画面に流れるそれは以前付き合っていた奴と観に行った映画だった。そいつは映画通で色んなジャンルをよく二人で観に行った。いや、連れて行かれた。
「これ観たかったんです」
可愛い顔で恥ずかしそうに一緒に観たかったなんて言われたら観ないわけにはいかないだろう。
流石に前に付き合っていたやつと観たなんて口が裂けても言えない。
ストーリーも中盤に差し掛かり俺は睡魔に襲われ始めた。背もたれに身体を預けたのがいけなかった。

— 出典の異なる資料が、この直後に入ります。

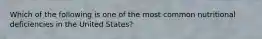 Which of the following is one of the most common nutritional deficiencies in the United States?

気が付いた時には背を向けていた隼人が膝に頬杖をついてこっちを向いていた。
「疲れてたのにごめんなさい。もう少し寝てて。夕飯、僕が作りますから」
焦点の合った俺に優しく微笑んで立ち上がろうとする。その手を取り身体を引き込んだ。
「どこ行く気?ここに…いて」
ソファに押し倒した隼人の手が伸びて身体を沈め間近で見つめ合う。
「どこにも行きませんよ。ここにいます」
ふふって笑う綺麗な顔とその柔らか声が耳元を擽る。ああ、隼人、君は俺の癒しだよ。
「映画…途中でごめん」
「観たこと、あったんでしょ」
「え?」
「最後はハッピーエンドだって…言って…覚えてないんですか?」
「え…いつ?」
「僕がハッピーエンドじゃなかったらどうしよう…って言ったらハッピーエンドだよって、そう言いましたよ」
頬に伸ばしてきた手が頬を抓る。
「誰かと観た映画でも最後に観るのは僕とがいいです。僕が上書きしたい」
自分で抓ったくせに優しく撫でるその指にキスをした。
「全部が上書きされてるよ。全部塗り替えられてる。隼人が全部に…」
細い指が唇を押さえる。そして
「もう言わないで…恥ずかしくて…死ぬ…」
可愛く潤んだ瞳が俺を映す。
「死なれたら困るからやめとくよ。でももう、隼人しか愛せないから。それだけは覚えておいて」
愛を囁けば隼人の意識は俺だけに向くとわかっていた確信犯な俺を許してくれ。俺だって上書きされたいんだよ。
寝言も口から出る災いの元になる。
もう、寝言も言うまい。全て隼人のモノがよそ見しているなんておかしな話だからな。
合わせた唇はまた、色香を漂わせ俺を虜に…過去なんて消してしまうんだよ。